Wall Street's Lacrosse Mafia
For a small, mainly East Coast sport whose exposure is largely confined to ESPN’s higher multiples, collegiate lacrosse has managed to draw more than its fair share of unwanted national attention. In 2006 members of the men’s team at Duke University were accused of sexually assaulting an exotic dancer. And last month, George W. Huguely V, a former player for the University of Virginia, was found guilty of second-degree murder for the death of his girlfriend, Yeardley Love—a UVA lacrosse player.
Such incidents have sullied the game’s reputation among the general public, yet having lacrosse on a résumé is a major advantage to grads entering the world of finance.
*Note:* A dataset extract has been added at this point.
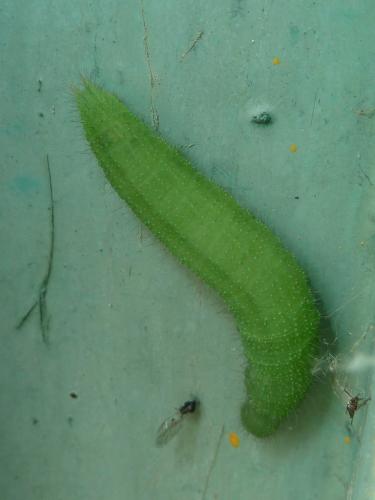 Lasiommata maera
There are more than 600 varsity men’s and women’s U.S. collegiate lacrosse programs. Unlike football or basketball, college lacrosse doesn’t offer the prospect of a lucrative athletic career. (The average annual salary in the two established professional lacrosse leagues is less than $20,000.) But it has long been something of a farm system for bankers. Describing his players to a Canadian newspaper in 1879, a Baltimore Athletic Club lacrosse coach said, “The members are principally sons of wealthy merchants, with a good sprinkling of merchants themselves.” Five generations later, the demographics of the sport—invented by the Iroquois and popularized by Canadians—have hardly changed.